What to work on:
Pictures stay out; print the rest of the listing below exactly as it stands.

Source data:
################

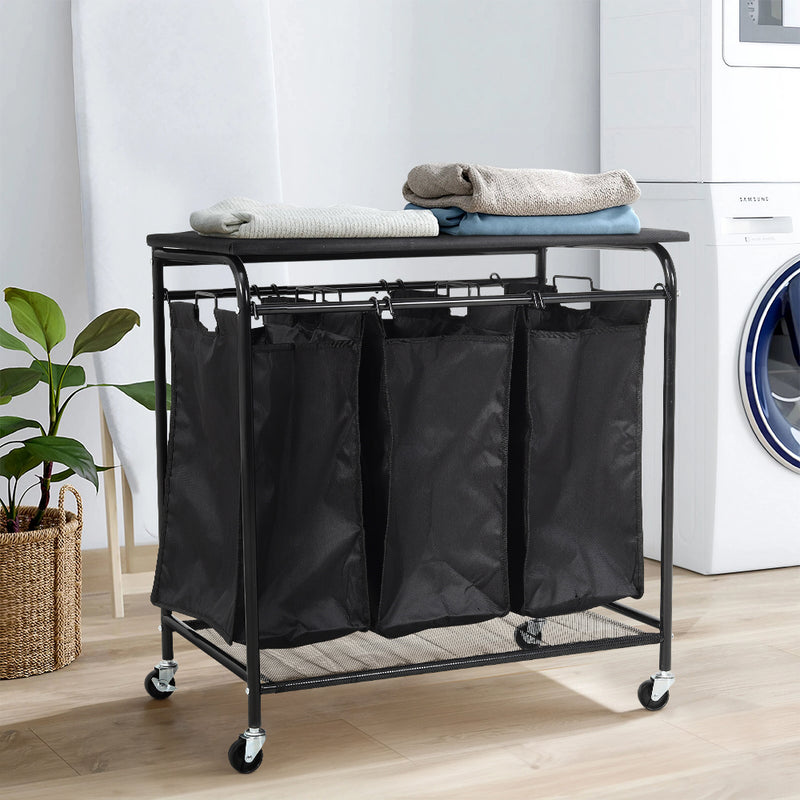 Lifeideas 3-Section Laundry Trolley with Wheels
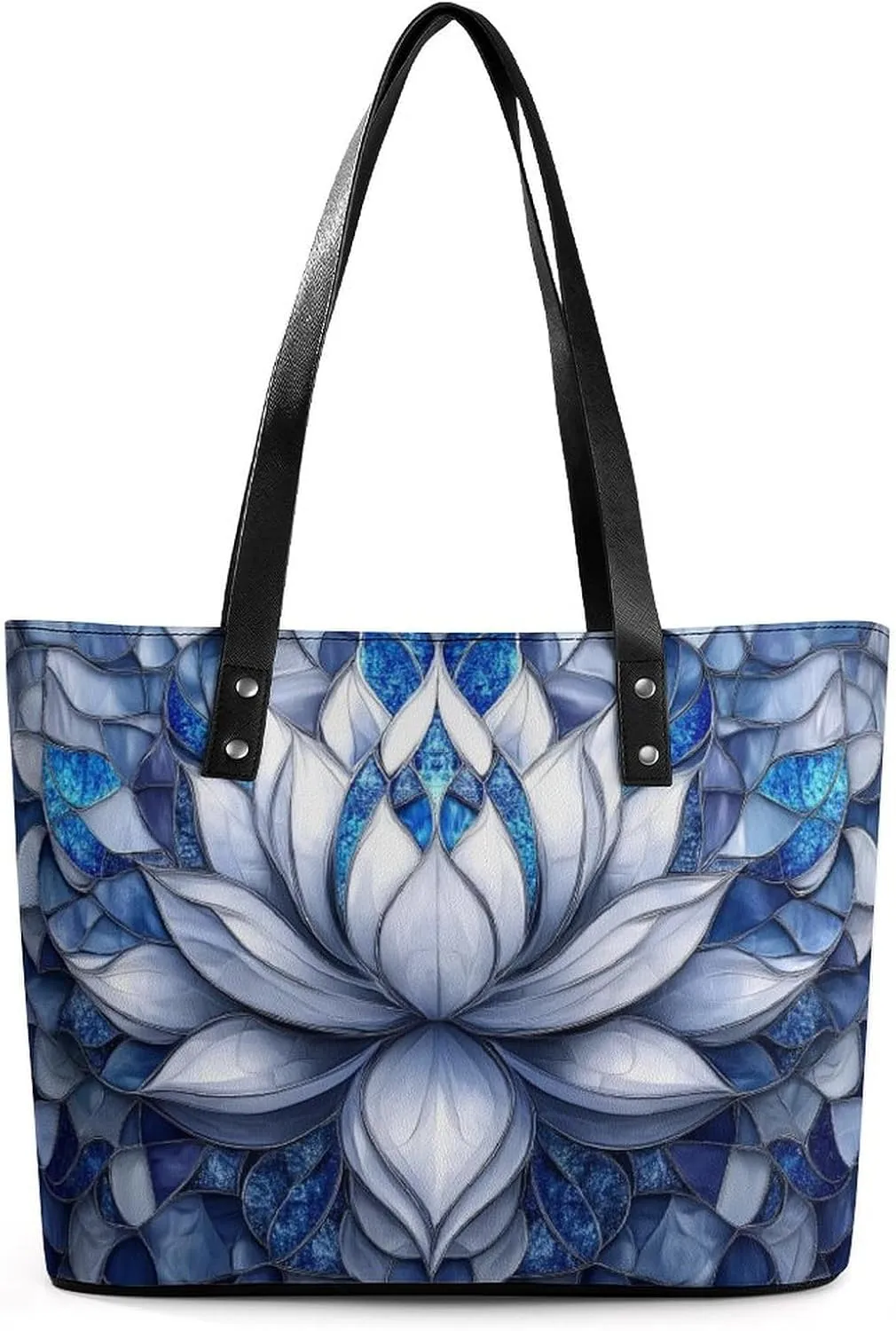 Stained Glass Lotus Mandala Women Soft Leather Handbags Tote Purses Shoulder Bucket Bags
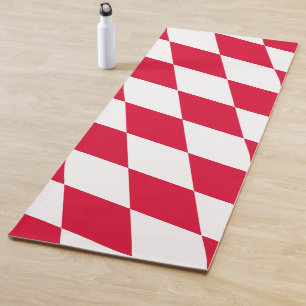 Tapis De Yoga Drapeau diamant Bavière rouge et blanc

################

Written solution:
 Lifeideas 3-Section Laundry Trolley with Wheels
 Stained Glass Lotus Mandala Women Soft Leather Handbags Tote Purses Shoulder Bucket Bags
 Tapis De Yoga Drapeau diamant Bavière rouge et blanc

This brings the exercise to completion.